You are viewing a plain text version of this content. The canonical link for it is here.
Posted to issues@spark.apache.org by "Timothy Dijamco (Jira)" <ji...@apache.org> on 2022/06/15 16:14:00 UTC
[jira] [Updated] (SPARK-39481) Pandas UDF executed twice if used in projection followed by filter
[ https://issues.apache.org/jira/browse/SPARK-39481?page=com.atlassian.jira.plugin.system.issuetabpanels:all-tabpanel ]
Timothy Dijamco updated SPARK-39481:
------------------------------------
Description:
In this scenario, a Pandas UDF will be executed twice:
# Projection that applies a Pandas UDF
# Filter
In the {{explain}} output of the example below, the Optimized Logical Plan and Physical Plan contain {{ArrowEvalPython}} twice:
{code:python}
from pyspark.sql import SparkSession
import pyspark.sql.functions as F
spark = SparkSession.builder.master('local[1]').getOrCreate()
df = spark.createDataFrame(
[
[1, 'one'],
[2, 'two'],
[3, 'three'],
],
'int_col int, string_col string',
)
@F.pandas_udf('int')
def copy_int_col(s):
return s
df = df.withColumn('int_col_copy', copy_int_col(df['int_col']))
df = df.filter(F.col('int_col_copy') >= 3)
df.explain(True)
{code}
{code:java}
== Parsed Logical Plan ==
'Filter ('int_col_copy >= 3)
+- Project [int_col#322, string_col#323, copy_int_col(int_col#322) AS int_col_copy#327]
+- LogicalRDD [int_col#322, string_col#323], false
== Analyzed Logical Plan ==
int_col: int, string_col: string, int_col_copy: int
Filter (int_col_copy#327 >= 3)
+- Project [int_col#322, string_col#323, copy_int_col(int_col#322) AS int_col_copy#327]
+- LogicalRDD [int_col#322, string_col#323], false
== Optimized Logical Plan ==
Project [int_col#322, string_col#323, pythonUDF0#332 AS int_col_copy#327]
+- ArrowEvalPython [copy_int_col(int_col#322)], [pythonUDF0#332], 200
+- Project [int_col#322, string_col#323]
+- Filter (pythonUDF0#331 >= 3)
+- ArrowEvalPython [copy_int_col(int_col#322)], [pythonUDF0#331], 200
+- LogicalRDD [int_col#322, string_col#323], false
== Physical Plan ==
*(3) Project [int_col#322, string_col#323, pythonUDF0#332 AS int_col_copy#327]
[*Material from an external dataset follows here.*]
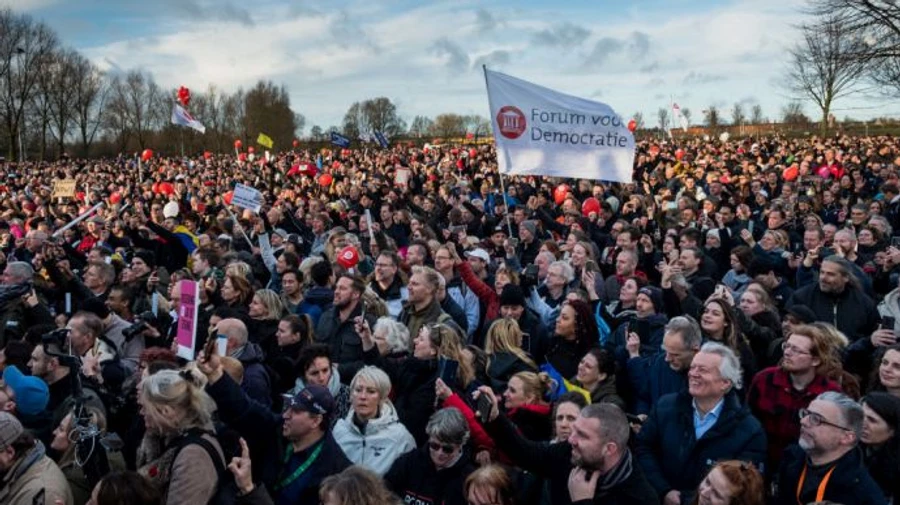 В Амстердамі на коронапротестах сталися сутички з поліцією, є постраждалі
+- ArrowEvalPython [copy_int_col(int_col#322)], [pythonUDF0#332], 200
+- *(2) Project [int_col#322, string_col#323]
+- *(2) Filter (pythonUDF0#331 >= 3)
+- ArrowEvalPython [copy_int_col(int_col#322)], [pythonUDF0#331], 200
+- *(1) Scan ExistingRDD[int_col#322,string_col#323]
{code}
If the Pandas UDF is marked as non-deterministic (e.g. {{{}copy_int_col = copy_int_col.asNondeterministic(){}}}), then it is not executed twice.
was:
In this scenario, a Pandas UDF will be executed twice:
# Projection that applies a Pandas UDF
# Filter
In the {{explain}} output of the example below, the Optimized Logical Plan and Physical Plan contain {{ArrowEvalPython}} twice:
{code:python}
from pyspark.sql import SparkSession
import pyspark.sql.functions as F
spark = SparkSession.builder.master('local[1]').getOrCreate()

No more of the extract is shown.